Data -
[Start of Attachment]

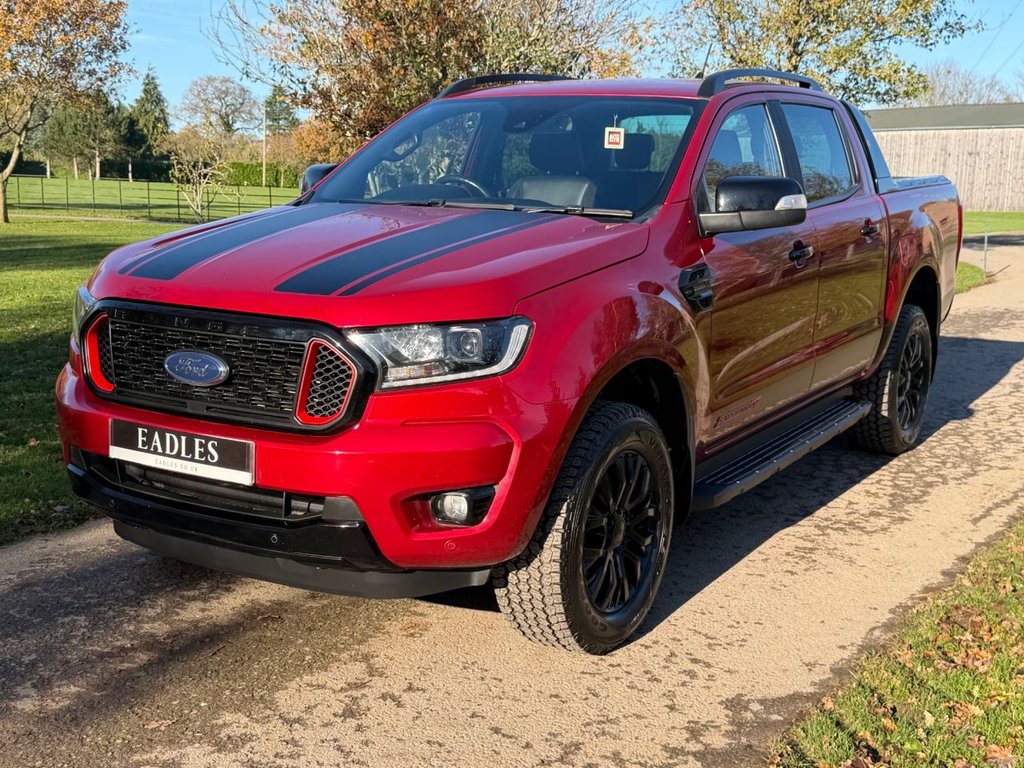 Used Ford Ranger 2022 for sale - 76655409: Photo 2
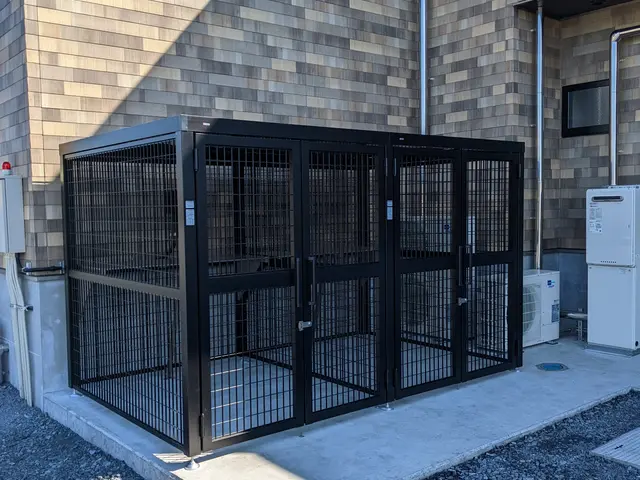 外構工事のことならお任せください！サービスの画像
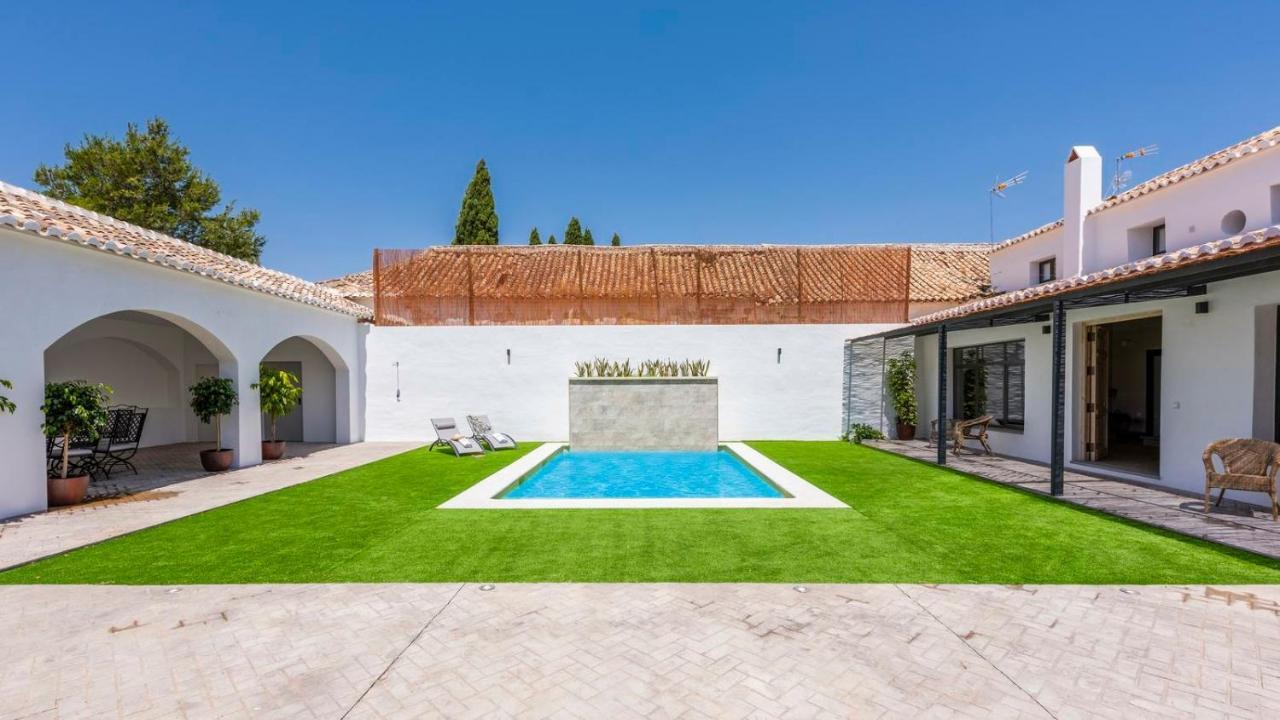 Cortijo Palanco Antequera By Ruralidays Vila Exterior foto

[End of Attachment]

Transcribe the listing in full. Leave the pictures out.

 Used Ford Ranger 2022 for sale - 76655409: Photo 2
 外構工事のことならお任せください！サービスの画像
 Cortijo Palanco Antequera By Ruralidays Vila Exterior foto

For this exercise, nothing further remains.